Design thinking is a mindset borrowed from the world of design, used to solve problems creatively. It was originally popularized by technology companies, and later adapted for individuals by Bill Burnett and Dave Evans, two faculty members at Stanford University, in their book Designing Your Life.
Their approach applies the principles of design thinking to the question, “What do I want to do with my life?”
Design thinking can be applied to your UBC experience in many ways: through curiosity, experimentation/prototyping, asking for help, trusting the process, and reframing. Adding this approach to your UBC “toolkit” can help you make the most of your Arts degree experience, and build skills useful after graduation.
Human beings are naturally curious, but sometimes we forget how empowering curiosity can be. In the classroom, be curious about the skills you are learning and how they can be applied to the world of work.
Skills like research, data interpretation, comparing/contrasting ideas and information, making projections, and thinking logically are some of the many skills you are learning throughout your Arts degree. Employers in different areas, including government, consulting firms, technology, and banks, hire people with these skill sets. Use your curiosity to learn more about these opportunities and let go of any limiting stereotypes you may have about a career with an Arts degree.
By paying attention to what you are curious about, you may find new ways to explore your curiosities through coursework and outside of classroom experiences. In time, these curiosities will form part of the story you tell to prospective employers or in applications for graduate and professional schools.
Co-curricular activities including clubs, the Arts Undergraduate Society, Arts Co-op, and others are great ways to build skills and learn more about your likes and dislikes. Organizing events, managing social media channels, and budgeting are tasks you can try out while pursuing your degree. You won’t know if you like something until you have tested the waters.
Also, live vicariously through Arts alumni experiences. Talk with them to learn about the choices they made as students, and what they’re doing now. These curiosity conversations are a great way to check your assumptions about specific careers and learn from those who have gone before you.
No need to wait until your senior years to start acting on these conversations. You can start now by attending events like Arts Career Conversations or finding a mentor.
Professors, classmates, alumni, friends, family members, academic advisors, and career educators are people who can help you design your first-year experience.
As you start to envision what that experience may look like, share your initial thoughts with them to help you create a plan that will work for you.
Inviting others into this conversation can bring empathy and diverse perspectives, as well as generate new ideas and ways for you to move forward. You don’t need to figure out things on your own: embrace collaboration!
Be mindful of the process
Start where you are. The process that will help you design your career path begins now, as you experiment during your degree. Accept where you are in the process of designing your degree and your life, trusting that the process will yield good results. Resist the urge to compare yourself with what others are doing, and pay attention to your own process and what you learn about what matters to you.

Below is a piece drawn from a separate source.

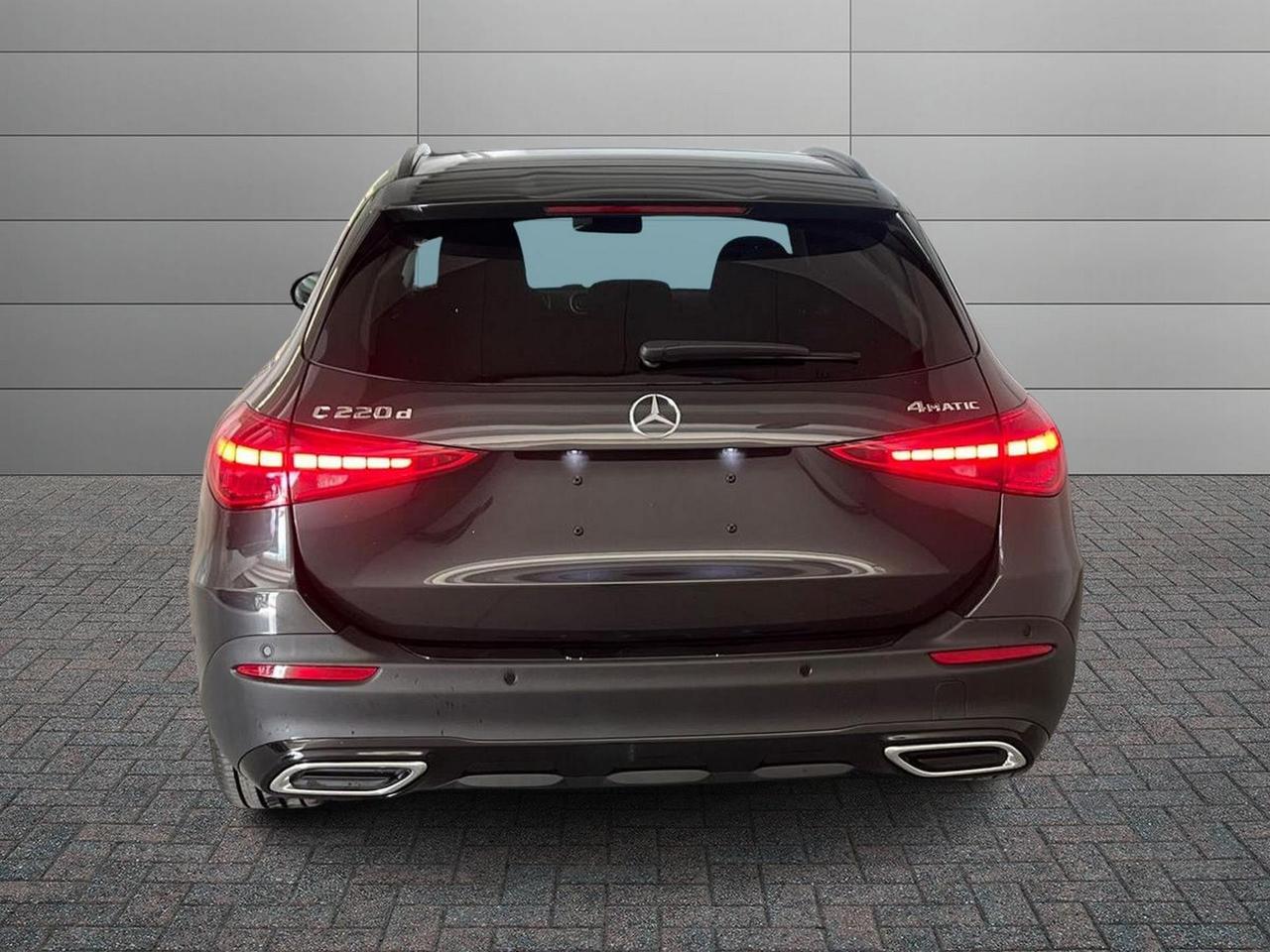 Mercedes-Benz C 220 d 4MATIC All Terrain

There is a lot of power in the way we choose to frame things.
Often, we go into situations with beliefs about how they will turn out. In design thinking these are called “dysfunctional beliefs” because they presuppose an outcome that could limit your experience.
This year is truly unlike any we have experienced before, and your beliefs about online learning may be legitimate – but be cautious of letting them hold you back. Difficult situations can offer many opportunities.
Start to practice one of a designer’s most powerful tools: reframing problems to allow you to move beyond them, and achieve the full potential of the moment. Here are some examples of what reframing looks like:
I won’t make any real friends → Online connections are different from in-person interactions, but I can still make meaningful connections
I’m bored learning from home → I am safe learning from home
My Arts degree won’t lead to a successful career → Arts alumni are living successful career lives
Now that you are familiar with the five mindsets of Designing Your Life, you can apply them to design a better first year experience by building and testing your ideas and assumptions as you move forward. Good luck!